Raymond MacDonald’s research explores the universality of human musicality. Many people believe they do not have "musical genes" or do not come from a musical family, and they would like to engage with music but do not for fear of failing or believing - often because they have been told by someone else - that they are not musical. Contrary to this, Raymond argues that we are all musical.
Raymond’s work provides evidence that significant musical psychological and social developments can be made by groups of individuals who often cannot access music making. There is a particular focus on improvisation, not just a defining features of jazz music, but as a unique creative and collaborate process that can provide opportunities to develop new ways of working artistically.
Improvisation is a defining feature of daily life. The earliest communication between a parent and a child is musical and improvisatory and improvisation play a crucial role in the earliest and most important bonding relationship of our lives – the relationship with our parents. His work also explores the importance of Musical Identities.

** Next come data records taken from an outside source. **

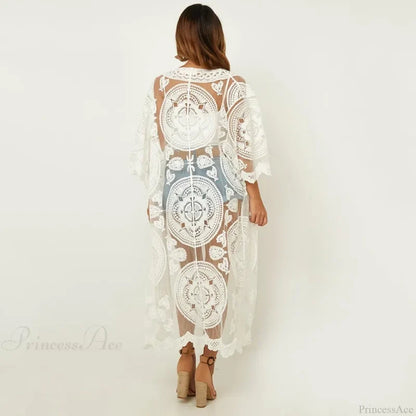 Sexy See-Through Lace Blouse Boho Beach Bikini Cover Up bohocoverup-250126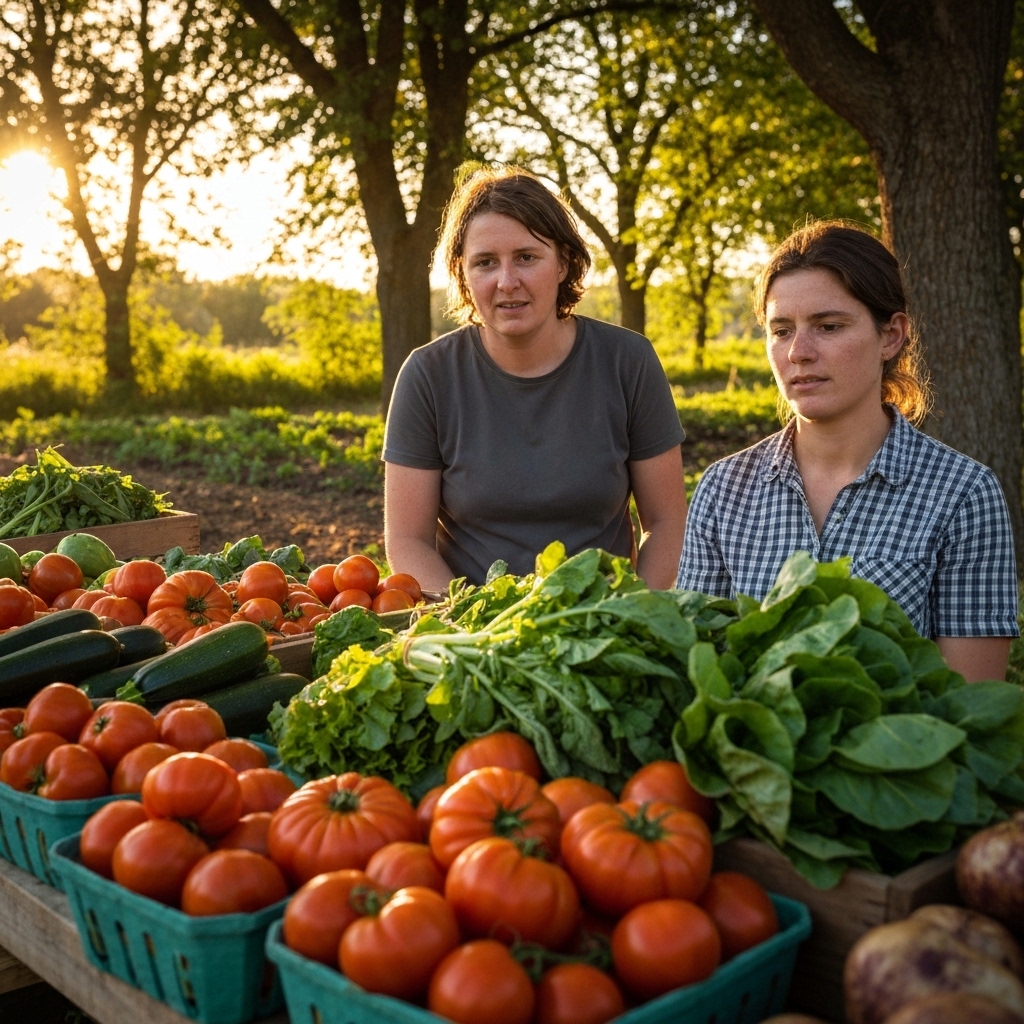 Two women at a farm stand surrounded by fresh vegetables in golden sunlight.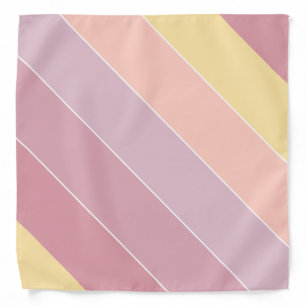 Pink Yellow Striped Trendy Color Harmony Elegant Bandana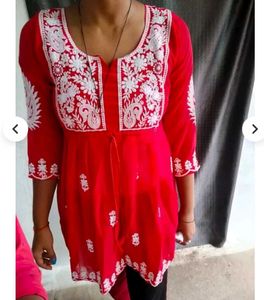 Red Embroidered Dress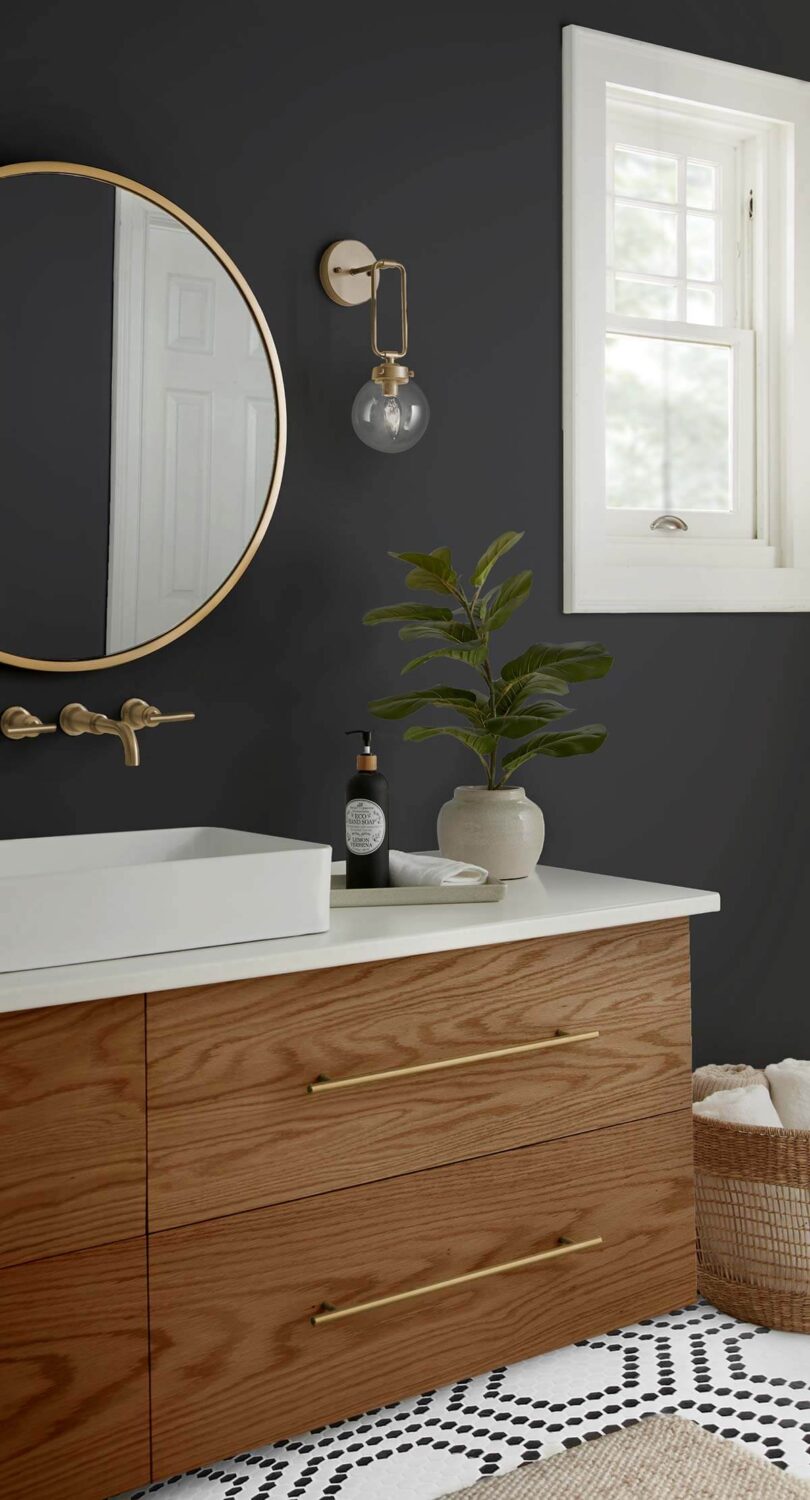 The Color Trends for 2024: Comforting Neutrals & Positive Accents 40 bathroom-dark-gray-wall-cracked-pepper-behr-color-of-the-year--nordroom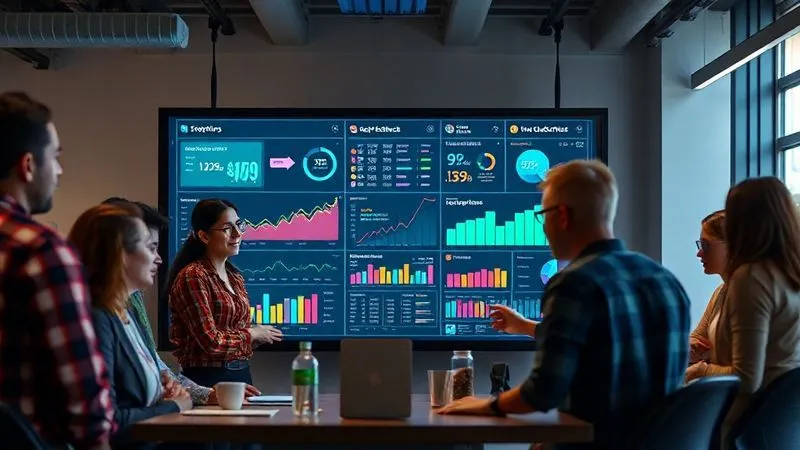 A photorealistic image of a vibrant, collaborative startup team gathered around a large digital dashboard displaying real-time growth metrics and customer feedback, with a sense of excitement and focused energy. Cinematic lighting, sharp focus on the dashboard and team, depth of field blurring the background, 8K hyper-detailed, professional photography.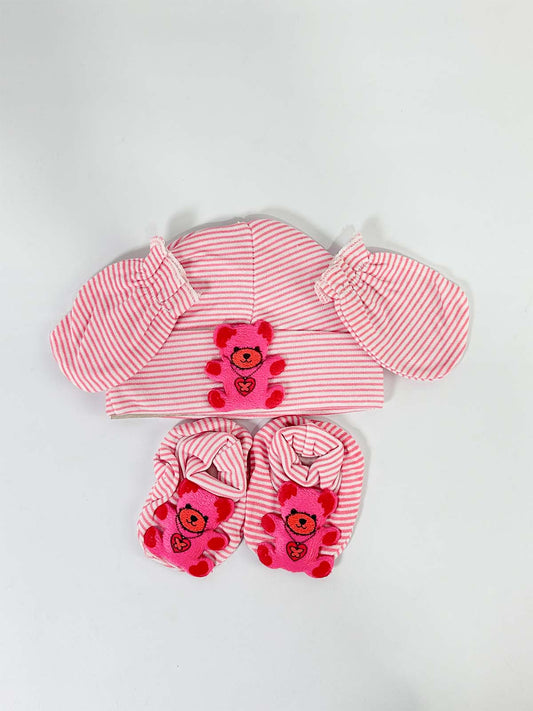 Pink Caps Mitten and Booties Set For Newborn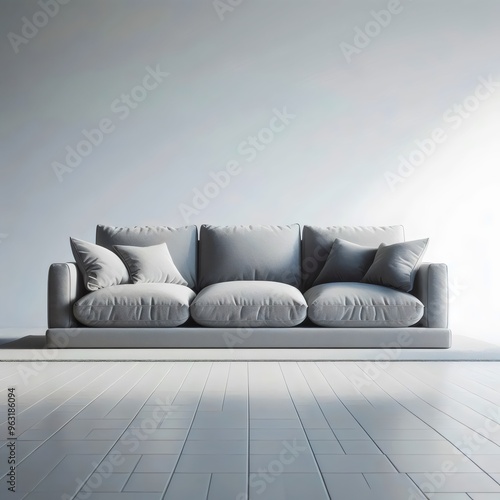 A light gray sofa in the interior of the room. 3D visualization.
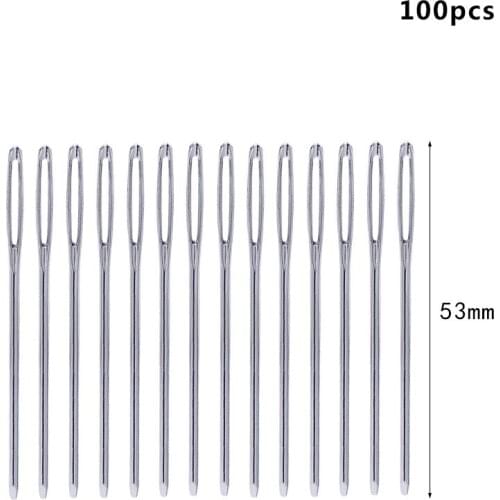 100pcs Large Eye Needles Stainless Steel Embroidery Cross Stitch Knitting Yarn Sewing Hand Crochet Hook Set Kit DIY Crafts Tools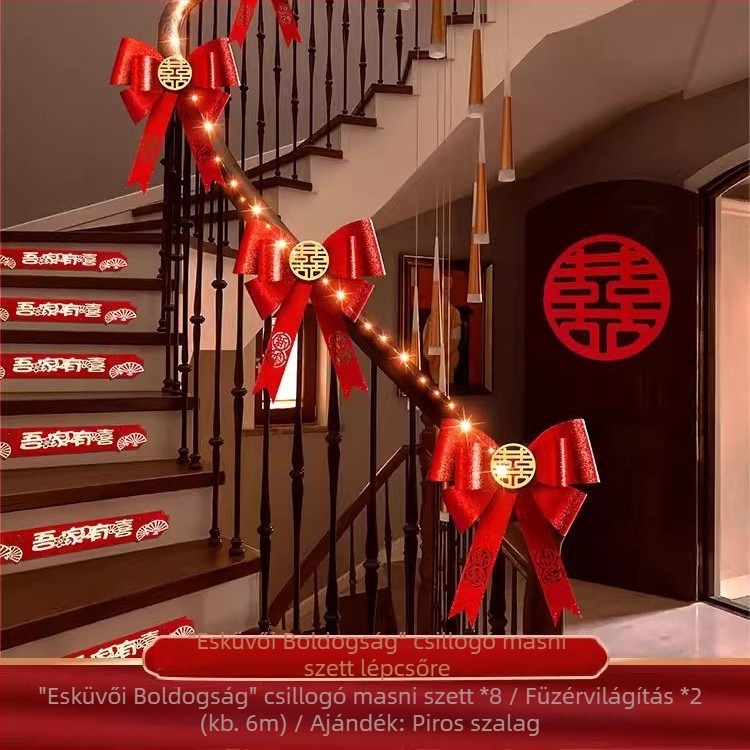 Esküvői lépcsőkorlát díszítő készlet bojtokkal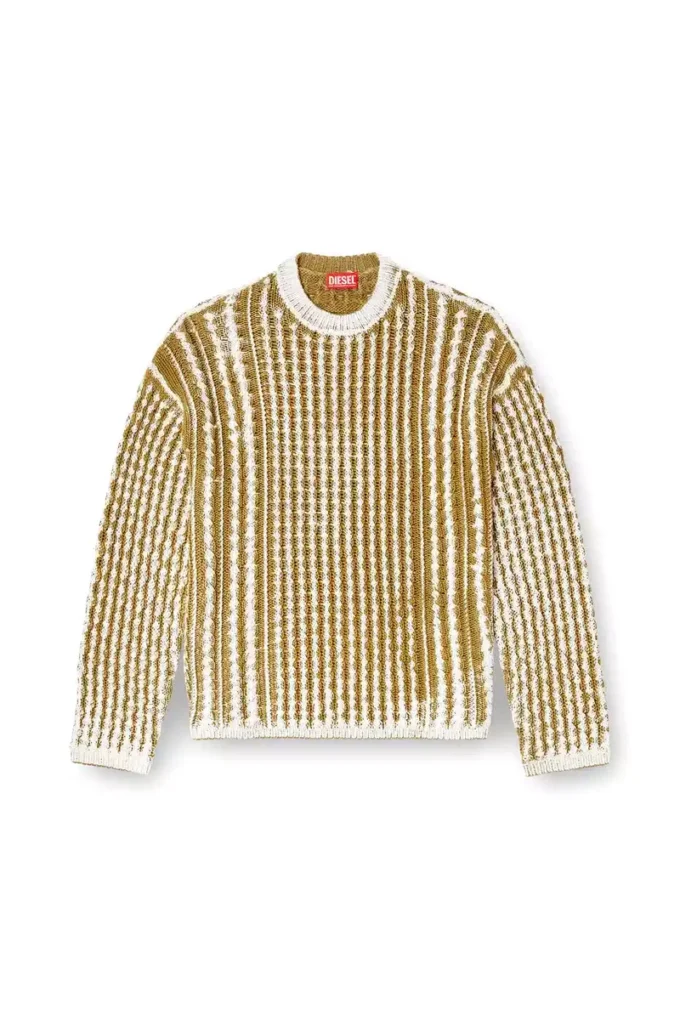 k-moise Pullover mit Zopfmuster und umgekehrtem Aufdruck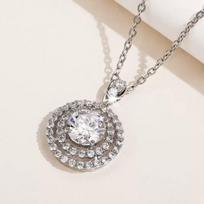 6.5mm Triple Layer Round Halo Solitaire Moissanite Pendant Necklace S925 Sterling Silver For Women 6.5mm balta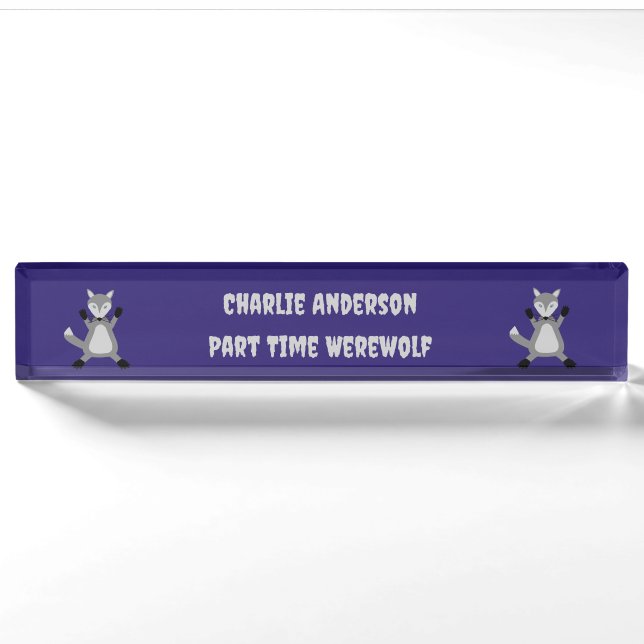 Porte-nom Pour Bureau Déplaisant mignon Wolf Halloween personnalisé (Devant)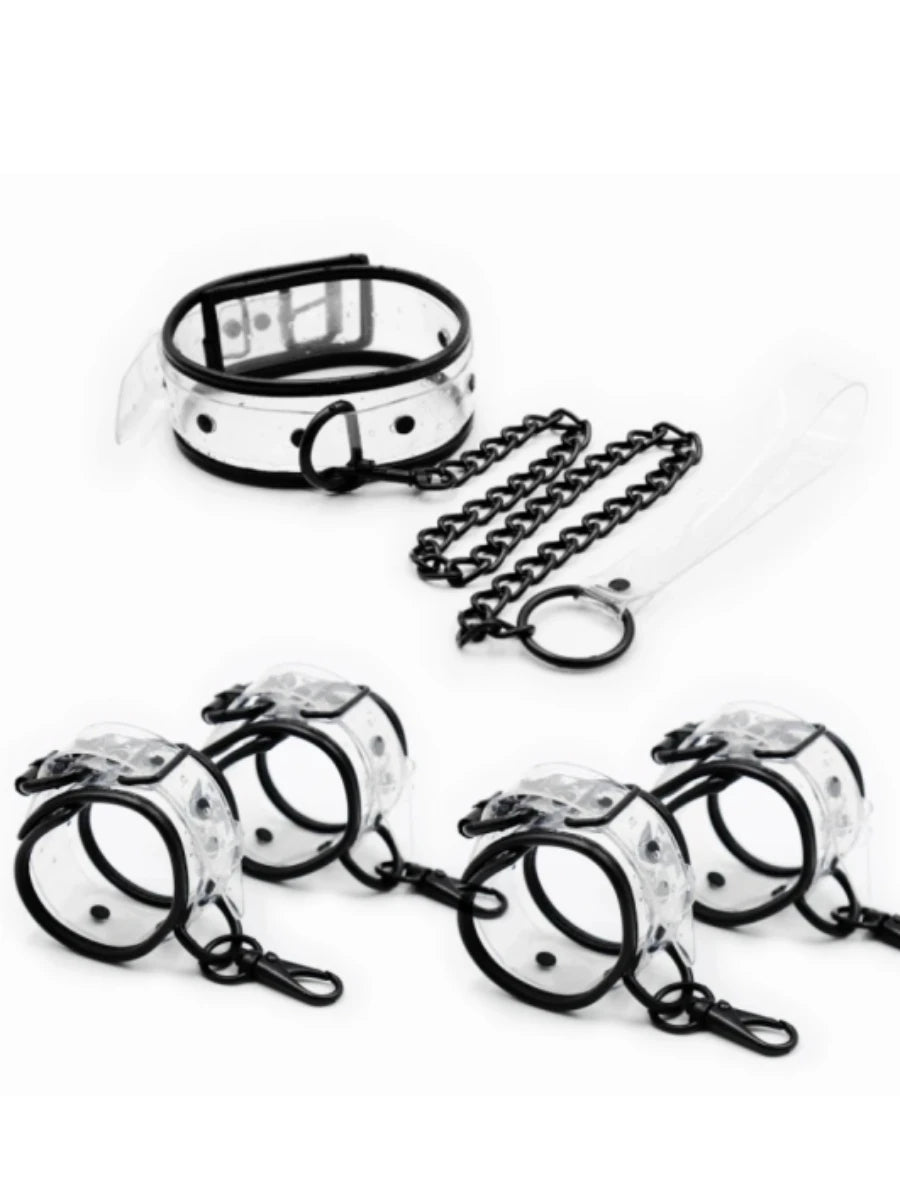 Bdsm Adjustable Transparent PVC Handcuffs Ankle Cuffs Neck Collar Manacle BDSM Bondage Sex Toy for Couples Restraints Shackles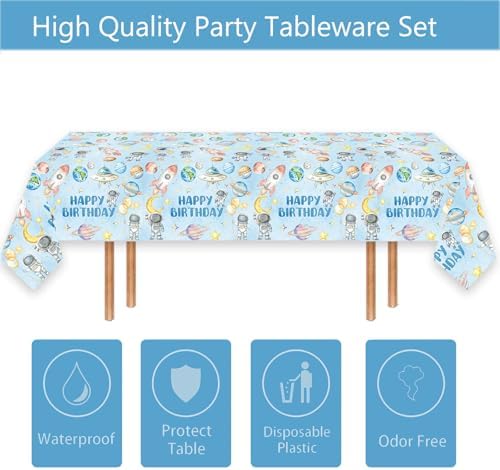3 Pack Outer Space Birthday Tablecloths for Boy Baby Shower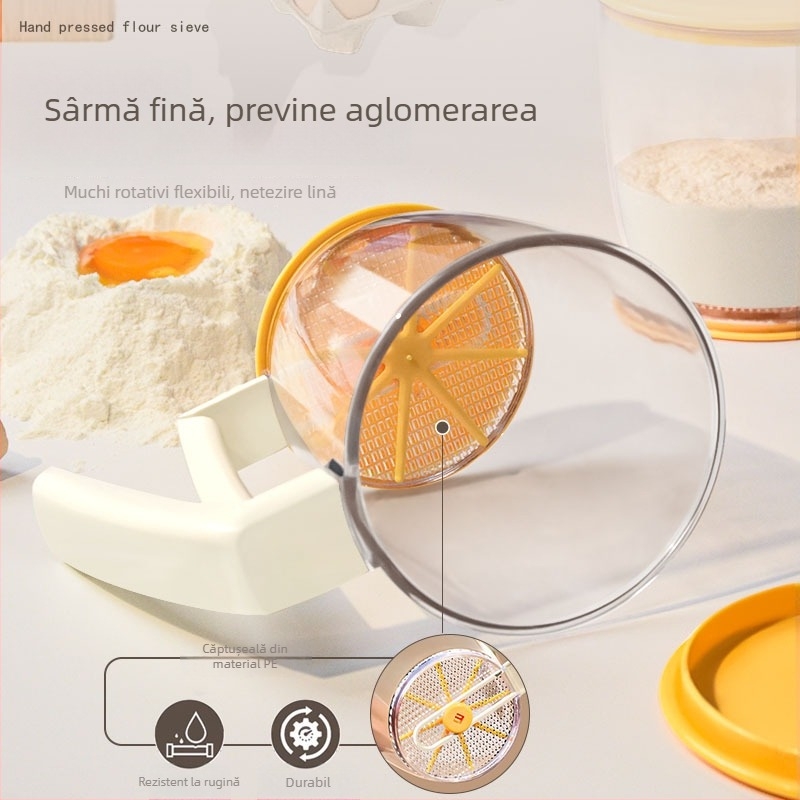 Cernător manual de făină – cu mână, tip apăsare, plasă fină, pentru făină și zahăr pudră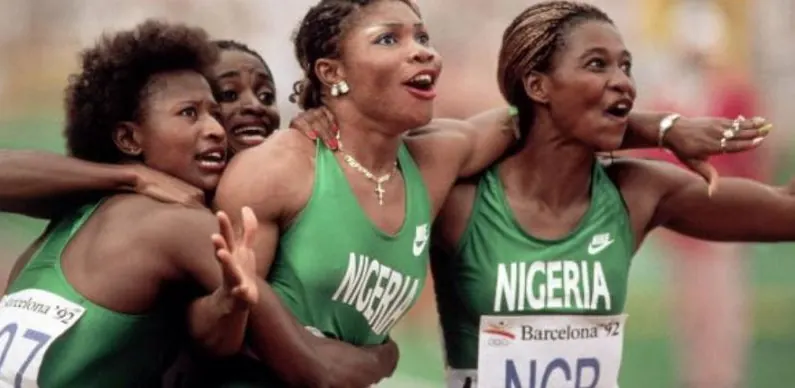 Nigerian women’s relay team celebrating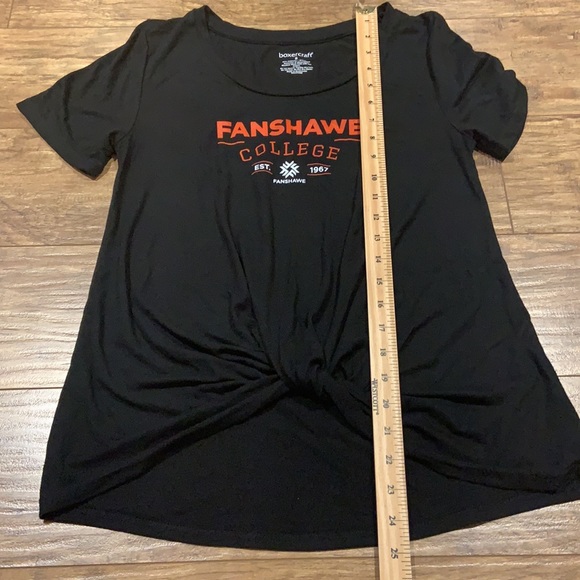 Fanshawe College front knot black t-shirt - Picture 8 of 9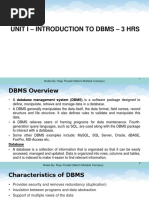 Unit I - Introduction To DBMS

Music is a medium through which we can shape and form our personal and collective identities in a variety of ways. For example, our musical preferences, and the social groups associated with those preferences, help us construct and negotiate our sense of self. These preferences (HipHop, Opera, Experimental etc.) are inextricably linked to a collection of social and psychological variables such as feeling part of a particular subsection or cultural group within society. In this way attending a concert by the Scottish Symphony Orchestra in Glasgow or The Coachella Festival in California involve a similar psychological, social and musical process. Deciding who to go with, discussing opinions relating concerts, choosing what clothes to wear all form part of important and universal music identities related practices. Using these types of examples shows how we all have a musical identity – we are all musical.